You can find more usage details in our SDK onboarding doc.

[!IMPORTANT]
We're preparing to release version 1.0 of the Databricks GenerativeAI Inference Python library.

Installation

pip install databricks-genai-inference

Usage

Embedding

from databricks_genai_inference import Embedding

Text embedding

response = Embedding.create(
    model="bge-large-en", 
    input="3D ActionSLAM: wearable person tracking in multi-floor environments")
print(f'embeddings: {response.embeddings[0]}')

[!TIP]
You may want to reuse http connection to improve request latency for large-scale workload, code example:

with requests.Session() as client:
    for i, text in enumerate(texts):
        response = Embedding.create(
            client=client,
            model="bge-large-en",
            input=text
        )

Text embedding (async)

async with httpx.AsyncClient() as client:
    response = await Embedding.acreate(
        client=client,
        model="bge-large-en", 
        input="3D ActionSLAM: wearable person tracking in multi-floor environments")
    print(f'embeddings: {response.embeddings[0]}')

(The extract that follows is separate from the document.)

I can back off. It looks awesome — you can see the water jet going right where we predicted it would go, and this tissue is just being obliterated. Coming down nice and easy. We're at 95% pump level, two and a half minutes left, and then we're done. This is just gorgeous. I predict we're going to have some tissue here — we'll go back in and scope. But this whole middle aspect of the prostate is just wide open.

Text embedding with instruction

response = Embedding.create(
    model="bge-large-en", 
    instruction="Represent this sentence for searching relevant passages:", 
    input="3D ActionSLAM: wearable person tracking in multi-floor environments")
print(f'embeddings: {response.embeddings[0]}')

Text embedding (batching)

[!IMPORTANT]
Support max batch size of 150

response = Embedding.create(
    model="bge-large-en", 
    input=[
        "3D ActionSLAM: wearable person tracking in multi-floor environments",
        "3D ActionSLAM: wearable person tracking in multi-floor environments"])
print(f'response.embeddings[0]: {response.embeddings[0]}\n')
print(f'response.embeddings[1]: {response.embeddings[1]}')

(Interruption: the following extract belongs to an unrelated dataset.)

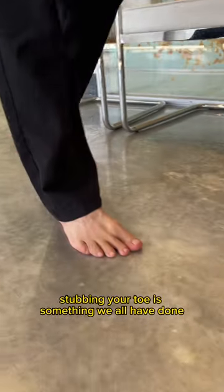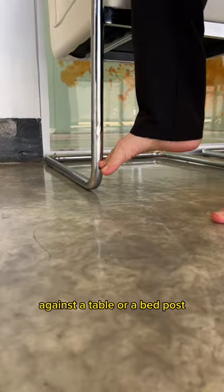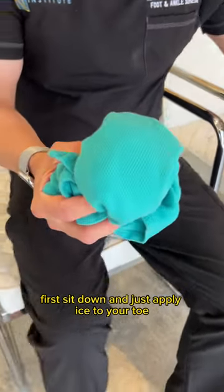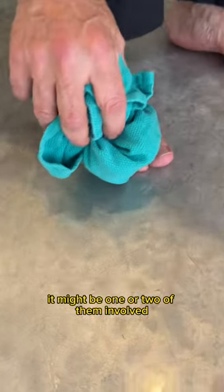Stubbing your toe against a table or a bedpost hurts so much. First, sit down and apply ice to your toe — it might be one or two of them involved.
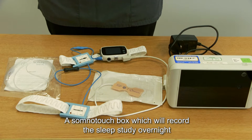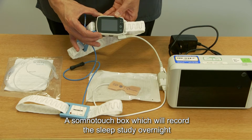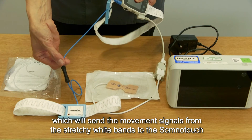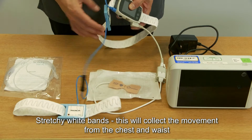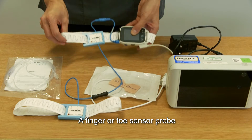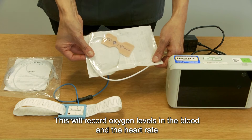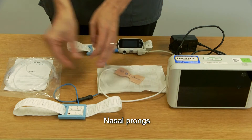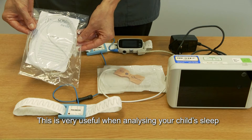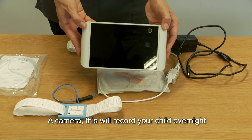This box will include: a SomnoTouch box, which will record the sleep study overnight; a blue band connector, which will send the movement signals from the stretchy white bands to the SomnoTouch; stretchy white bands, which collect movement from the chest and waist; a finger or toe sensor probe, which records oxygen levels in the blood and heart rate; nasal prongs, which help look at breathing and snoring; and a camera, which will record your child overnight.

Text embedding with instruction (batching)

[!IMPORTANT]
Support one instruction per batch Batch size

response = Embedding.create(
    model="bge-large-en", 
    instruction="Represent this sentence for searching relevant passages:",
    input=[
        "3D ActionSLAM: wearable person tracking in multi-floor environments",
        "3D ActionSLAM: wearable person tracking in multi-floor environments"])
print(f'response.embeddings[0]: {response.embeddings[0]}\n')
print(f'response.embeddings[1]: {response.embeddings[1]}')

Text completion

from databricks_genai_inference import Completion

Text completion

response = Completion.create(
    model="mpt-7b-instruct",
    prompt="Represent the Science title:")
print(f'response.text:{response.text:}')

Text completion (async)

async with httpx.AsyncClient() as client:
    response = await Completion.acreate(
        client=client,
        model="mpt-7b-instruct",
        prompt="Represent the Science title:")
    print(f'response.text:{response.text:}')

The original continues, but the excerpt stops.